To enhance its capabilities, Oreo this year chose digital commerce agency Goodness as its DTC agency partner. The partnership evolved out of Goodness’ previous work to migrate Oreo from Adobe’s Magento e-commerce platform to Shopify to improve efficiency and user experiences.
“Shopify, and the tools that it unlocks, lets a brand like Oreo behave more like a digitally native brand and compete on that level,” said Ethan Martin, strategy director at Goodness. “That’s what the Oreo team specifically was after, and what Mondelēz is hoping to unlock across the whole portfolio.”
Uniting DTC and equity
Goodness’ work was two-fold: building a new e-commerce system that could be scaled across Mondelēz’s portfolio that would be efficient enough to outweigh the high cost of going direct to consumer, and opening up new opportunities for the brand’s OreoID customization platform.
“[With OreoID] we really had our chance to optimize, make something that was more modern, fun, sleek and cool and that feels like a dashboard, and really try to greatly reduce customer service calls and greatly increase conversion rate for every step,” said Donald Fierros, chief operating officer at Goodness.
The work also allowed Oreo to sell retail packs and limited-edition flavors through its e-commerce shop for the first time, opened up the ability to better integrate brand campaigns and unlocked the possibility for a deeper partnership with Goodness.
“There was opportunity with Goodness’ skill sets and the match between DTC and equity sides of Oreo where their goals are different,” Fierros said.
Experimenting with data
Since coming on as an agency partner in Q2 of this year, Goodness has worked to connect internal systems that it hopes will eventually allow for Oreo to deploy fully personalized communications that enhance engagement and conversion for DTC. Nearly half a year into its relationship with Oreo, Goodness has iterated on OreoID and is working to connect ad, media and CRM data to the e-commerce site. And despite its legacy bona fides, Oreo sees itself as an innovator around data in the space.

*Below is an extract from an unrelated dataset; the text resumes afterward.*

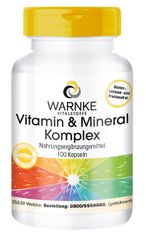 VITAMIN TỔNG HỢP WARNKE VITAMIN & MINERAL KOMPLEX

“The advantage that Oreo has is that they have this massive pillar of retail sales that's the core of their business,” Martin said. “It gives them real room to experiment and leverage their DTC platform in a way that maybe a digital brand can’t.”
Building and experimenting with a more connected data infrastructure through DTC will be key to Oreo’s needs on the equity side of its business around how it captures zero- and first-party data at every consumer touch point. Those imperatives are likely to persist, no matter what Google’s plans for third-party cookies portend.
“Building direct relationships with consumers through compelling value exchanges is at the very core of Oreo’s marketing transformation agenda,” said Hamish Stacy, senior manager and U.S. Oreo consumer data lead, via email. “It sets the foundation for developing a sustainable competitive advantage when applied to empathy at scale across our paid and owned ecosystem.”
That data will also be key in training the company’s generative AI infrastructure, Stacy explained. Mondelēz International in September announced the launch of a new platform supported by Accenture and Publicis Groupe that seeks to better harness the emerging tech.
Understanding conversion
For marketers, collecting data is one thing. Making sure the data is valuable, understanding what has been collected and generating insights is a more complicated proposition. Goodness is helping the Mondelēz data team ensure that data flows in one direction, in the same funnel and into the same storage.
“That way, we don't have to rely on these big third-party tools to understand the data. We can understand the data on our own, and so can the teams at Mondelēz,” said Fierros.
CRM has increasingly become a focus for Oreo, as it has throughout the marketing industry. Goodness is helping Oreo think about what first-party data it can gain by asking customers about their favorite products, limited editions and campaigns. The agency is also supporting Oreo’s efforts to determine which zero-party data it can glean from its online platforms (e.g. which content themes best drive web traffic). If done correctly, all of this data can help inform media strategy.
“Our conversion metrics won't necessarily be sales. They will depend on the challenge, like list growth or data enrichment,” Fierros said. “We've got a few North Star metrics that we're driving to, but we do have to consistently look at attribution methods to make sure that each one of those North Star metrics is being tracked in a consistent way.”
For Oreo, building and operating a stronger data infrastructure will help it support its ambitious goals around acquisition, activation and analysis that Goodness can help it achieve, Oreo’s Stacy explained.
“To reach our ambition we heavily rely on the expertise of agency ecosystem partners and their ability to work collaboratively with each other and constantly challenge, break, and rebuild ways of working,” the executive said.